LONDON (Reuters) - Banks on mainland Europe have cut their exposures to Britain since the Brexit vote last year and are concerned about the legality of cross-border deals once the UK leaves, the European Union’s banking watchdog said on Friday.
The European Banking Authority (EBA) said banks in the EU’s 27 member countries have cut exposures in terms of assets from just over 1.9 trillion euros in June 2016 when the referendum took place, to just under 1.6 trillion euros by June 2017.
Liabilities fell from just under 1.7 trillion euros ($2.03 trillion) to just over 1.3 trillion euros over the same period.
The drop mainly reflects a sharp pullback in derivative deals, which could become a worry for London which competes with New York in this global sector.
EBA said in a regular risk assessment report that banks are worried about a “cliff-edge” if Britain, the bloc’s most important financial market, leaves the EU without an agreement on trading terms.
“The Brexit negotiations continue to be a source of political risk for the EU financial market as a cliff-edge scenario could lead to substantial disturbances for the European banking sector,” EBA said.

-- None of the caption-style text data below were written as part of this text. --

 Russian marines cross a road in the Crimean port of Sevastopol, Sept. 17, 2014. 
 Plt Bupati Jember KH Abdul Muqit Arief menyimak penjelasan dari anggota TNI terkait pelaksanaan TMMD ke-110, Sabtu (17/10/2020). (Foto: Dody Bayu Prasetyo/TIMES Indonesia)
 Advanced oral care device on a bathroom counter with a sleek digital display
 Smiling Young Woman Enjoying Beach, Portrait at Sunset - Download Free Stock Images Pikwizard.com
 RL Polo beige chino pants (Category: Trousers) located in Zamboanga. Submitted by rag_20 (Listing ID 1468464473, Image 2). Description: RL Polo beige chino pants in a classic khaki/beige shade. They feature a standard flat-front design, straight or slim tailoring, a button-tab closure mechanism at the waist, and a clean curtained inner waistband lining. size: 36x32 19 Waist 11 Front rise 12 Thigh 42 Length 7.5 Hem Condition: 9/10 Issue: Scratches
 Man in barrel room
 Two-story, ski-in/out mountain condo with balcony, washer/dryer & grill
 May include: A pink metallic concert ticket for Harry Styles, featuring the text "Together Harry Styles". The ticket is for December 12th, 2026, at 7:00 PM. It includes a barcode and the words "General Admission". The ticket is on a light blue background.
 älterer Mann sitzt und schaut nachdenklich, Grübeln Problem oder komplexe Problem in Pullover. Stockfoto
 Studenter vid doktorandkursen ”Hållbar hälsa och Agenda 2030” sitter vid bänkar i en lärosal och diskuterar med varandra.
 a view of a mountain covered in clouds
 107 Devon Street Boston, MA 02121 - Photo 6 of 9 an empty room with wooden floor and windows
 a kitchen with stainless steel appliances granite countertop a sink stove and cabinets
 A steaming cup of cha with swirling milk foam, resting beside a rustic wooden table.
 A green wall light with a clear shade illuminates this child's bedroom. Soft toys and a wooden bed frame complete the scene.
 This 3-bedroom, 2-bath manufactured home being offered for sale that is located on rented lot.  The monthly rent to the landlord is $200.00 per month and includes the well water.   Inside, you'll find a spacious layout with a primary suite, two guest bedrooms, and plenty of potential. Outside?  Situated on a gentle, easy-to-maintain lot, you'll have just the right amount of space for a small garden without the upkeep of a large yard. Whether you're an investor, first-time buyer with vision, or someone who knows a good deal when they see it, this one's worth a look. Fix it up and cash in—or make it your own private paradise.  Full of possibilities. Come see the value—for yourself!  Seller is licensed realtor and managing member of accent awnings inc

In one of the starkest warnings yet from a European regulator, it said a major worry for banks is continuity of financial contracts or ability to fulfill obligations that have been entered into once Britain is no longer part of the EU legal system.
Consumers and companies in the EU27 could face cancellation, amendment or renegotiation of contracts, loss of protection, disruption and financial losses, EBA said.
“It is important that banks and their counterparties, as well as consumers and public authorities, consider appropriate mitigating actions and contingency plans to address these concerns,” it said.
Britain hopes for a breakthrough in EU divorce talks next month that will lead to transition arrangements and an outline of new trading terms to avoid a cliff edge, which would help to dispel doubts about derivatives and other financial contracts.
Banks in the EU27 may also not be able to clear derivatives transactions in London, leaving companies and households unable to access wholesale and retail financial services in Britain. Deutsche Boerse (DB1Gn.DE) has already launched a push to lure clearing to Frankfurt from London.
“A disruption of financial flows ... coupled with diminishing confidence of market participants, could lead to the drying up of market liquidity ... affecting financial stability in the EU banking system,” EBA said.
The EBA report backs arguments made by the City of London financial district and others that mainland Europe has as much to lose as Britain from failure to at least agree on a transitional deal.
The watchdog also said that the EU’s banks are still improving their resilience to shocks and whittling away at their 893 billion euro mountain of bad loans.
While profitability has improved, the average return on equity is 7 percent, its highest level since 2014, but still typically below the cost of capital, EBA said. It remains unclear if poor profitability is due to current market conditions or the sector’s structure.